TL;DR: OKRs and KPIs both track progress, but they serve different governance purposes: OKRs are better for outcome-driven change and KPIs are better for monitoring stable performance against targets, according to Zluri. For identity teams, the difference matters because metrics only improve security when they drive the right operational action.
At a glance
What this is: This is a comparison of OKRs and KPIs, with the key finding that they serve different measurement purposes and should not be used interchangeably.
Why it matters: For IAM practitioners, the distinction matters because identity programmes need both outcome-based goals and steady-state control metrics across human, NHI, and autonomous governance.
By the numbers:
- Only 5.7% of organisations have full visibility into their service accounts.
- 97% of NHIs carry excessive privileges, increasing unauthorised access and broadening the attack surface.

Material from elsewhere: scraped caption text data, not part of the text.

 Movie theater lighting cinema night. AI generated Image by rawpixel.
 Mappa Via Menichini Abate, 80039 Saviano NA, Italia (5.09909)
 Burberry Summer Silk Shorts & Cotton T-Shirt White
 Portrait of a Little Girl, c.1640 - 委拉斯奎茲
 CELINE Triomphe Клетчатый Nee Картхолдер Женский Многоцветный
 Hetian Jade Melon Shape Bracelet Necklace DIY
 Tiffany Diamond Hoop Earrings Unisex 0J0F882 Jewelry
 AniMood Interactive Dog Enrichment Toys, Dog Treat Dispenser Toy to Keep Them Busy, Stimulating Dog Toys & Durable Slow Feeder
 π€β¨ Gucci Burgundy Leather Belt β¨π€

- 71% of NHIs are not rotated within recommended time frames, increasing the risk of compromise over time.
👉 Read Zluri's comparison of OKRs and KPIs for IT teams
Context
OKRs and KPIs are both measurement systems, but they answer different governance questions. In identity programmes, that difference matters because some metrics exist to change behaviour while others exist to verify whether controls are holding. When teams blur the two, they end up with dashboards that look active but do not improve access decisions, lifecycle discipline, or risk visibility.
For IAM, the more useful question is not which metric style is better in general, but which one matches the control problem in front of you. OKRs are better suited to transformation goals such as improving access review quality or reducing offboarding lag. KPIs are better suited to steady-state control monitoring such as recertification completion or secrets exposure trends.
Key questions
Q: How should security teams use OKRs and KPIs in identity governance?

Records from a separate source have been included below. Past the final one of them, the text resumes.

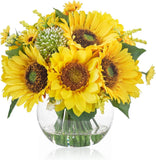 Sunflower Centerpiece Arrangement for Home and Kitchen Decor - Artificial Flower Sunflower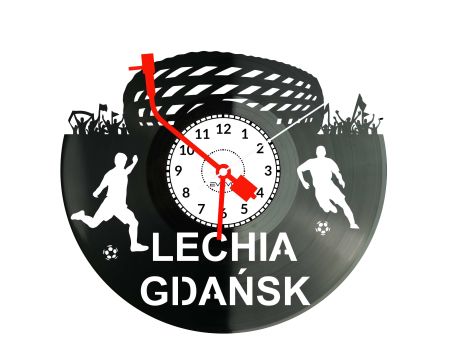 Lechia Gdańsk Stadion Zegar Ścienny Płyta Winylowa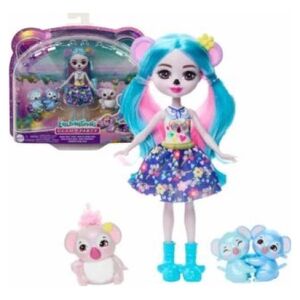 Mattel Enchantimals Rodzina Koale Lalka + figurki (HNT61)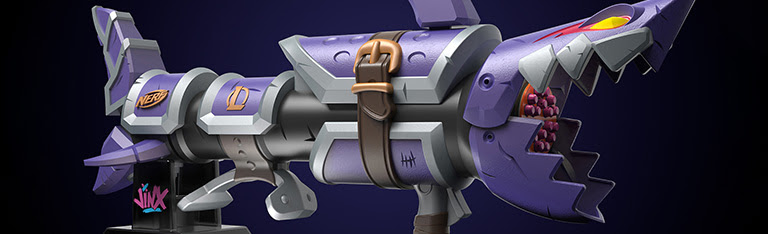 League of Legends NERF LMTD Jinx Fishbones Blaster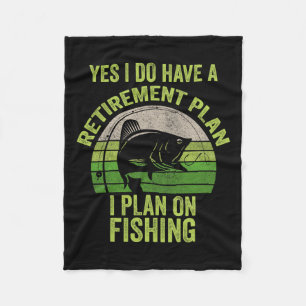 Manta Polar Camiseta Divertida de Pesca para Hombres Jubilados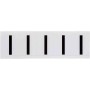 Brady 9714-I etichetta autoadesiva Rettangolo Permanente Nero, Bianco 5 pz (097690)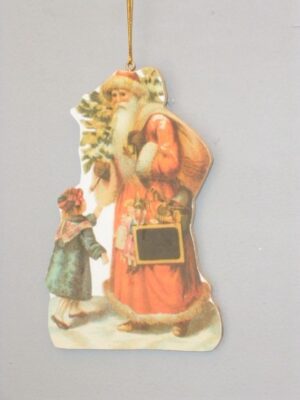 Santa With Girl Orn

A: Security teams should use OKRs for change programmes and KPIs for control stability. OKRs are best when the organisation needs to improve access governance, reduce lifecycle delay, or change behaviour. KPIs are best when the team needs a reliable threshold for ongoing monitoring, such as completion rates, drift, or rotation compliance.

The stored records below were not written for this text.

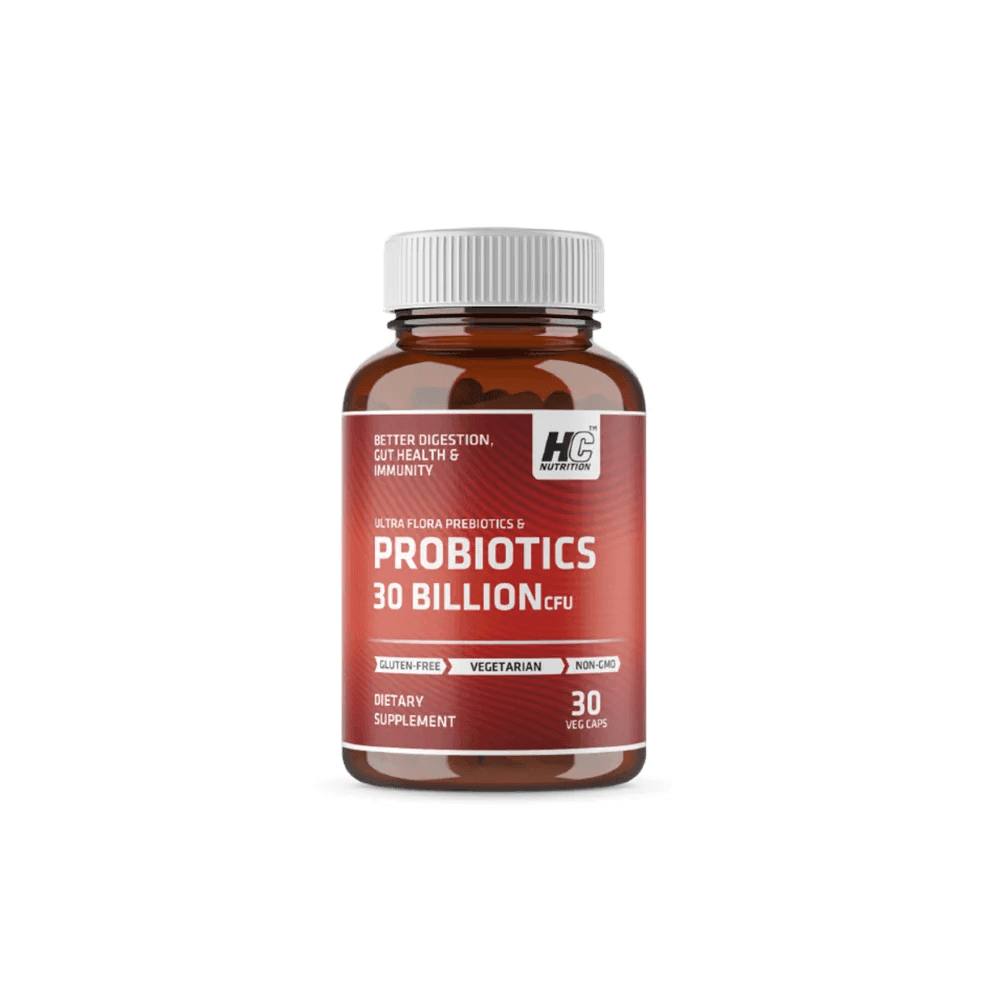 HC Nutrition Probiotics 30 Billion 30 Veg Capsules - Wellness Shoppee
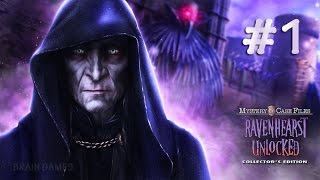 Mystery Case Files 13 Ravenhearst Unlocked Walkthrough  Part 1 [upl. by Pembroke]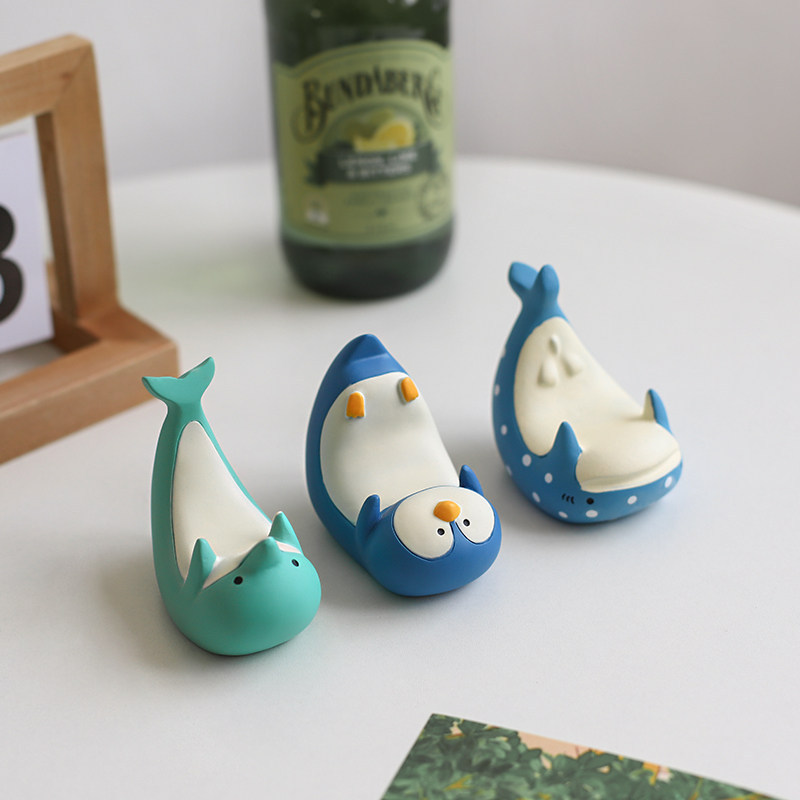 ผู้ถือโทรศัพท์น่ารัก litem desktop holder เพนกวินสัตว์ที่วางโทรศัพท์สํานักงานสก์ท็อปแบบพกพาสนับสนุนก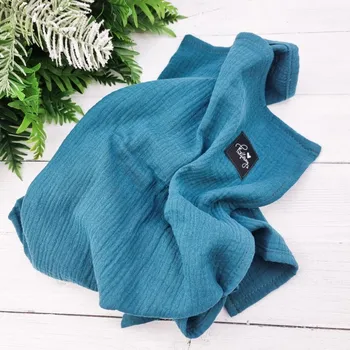 Plena Kulišárny Mušelínová plenka SMARAGD Rozměr plenky: 100x100 cm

Q: Why do KPIs often fail in identity programmes?
A: KPIs fail when they are treated as generic numbers instead of decision triggers. If the metric is not tied to an owner, a threshold, and a response, it cannot improve governance. In identity work, copied metrics also break because human access, service accounts, and autonomous actors do not share the same control model.
Q: What is the difference between an outcome metric and a control metric?
A: An outcome metric measures whether the programme is moving toward a desired result, while a control metric measures whether an existing safeguard is operating within its expected boundary. In IAM, outcome metrics suit transformation goals and control metrics suit steady-state assurance. Both are useful, but they answer different governance questions.
Q: How do you know if an identity metric is actually working?
A: An identity metric is working when it changes a decision, triggers an action, or reveals a control gap early enough to matter. If the metric is only reported upward and never used to adjust access, review cadence, or ownership, it is a reporting artifact rather than a governance tool.
Technical breakdown
OKRs vs KPIs in identity governance
OKRs are designed to manage outcomes. They set an objective and then break it into measurable key results that show whether the programme is moving in the desired direction. KPIs are designed to monitor performance against a defined standard or threshold. In identity governance, that means OKRs work well for change initiatives such as reducing privilege creep, while KPIs work well for control health such as review completion rates or credential rotation compliance. The distinction is not cosmetic. If the metric does not drive a decision or a course correction, it is just reporting.
Practical implication: use OKRs for programme change and KPIs for operational control monitoring.
Leading indicators and lagging indicators
OKRs usually depend on leading indicators, which try to influence future outcomes before the final result is visible. KPIs often rely on lagging indicators, which show what has already happened. That distinction matters in security because many identity failures are only visible after the damage is done. For example, access review completion is a lagging indicator of process execution, while the number of orphaned accounts identified during discovery is closer to a leading indicator of control maturity. Good governance uses both, but for different purposes.
Practical implication: pair lagging control metrics with leading indicators that reveal whether the control can still prevent loss.
Why metrics fail when they are copied without context
A metric only works when it is tied to a decision, an owner, and a response threshold. The article correctly notes that teams often copy KPIs from elsewhere without adapting them to their own environment. In identity programmes, that mistake is especially costly because the same metric can mean different things across human access, service accounts, and automated workloads. A useful KPI for one team may be meaningless for another if the identity type, risk profile, or operating cadence differs.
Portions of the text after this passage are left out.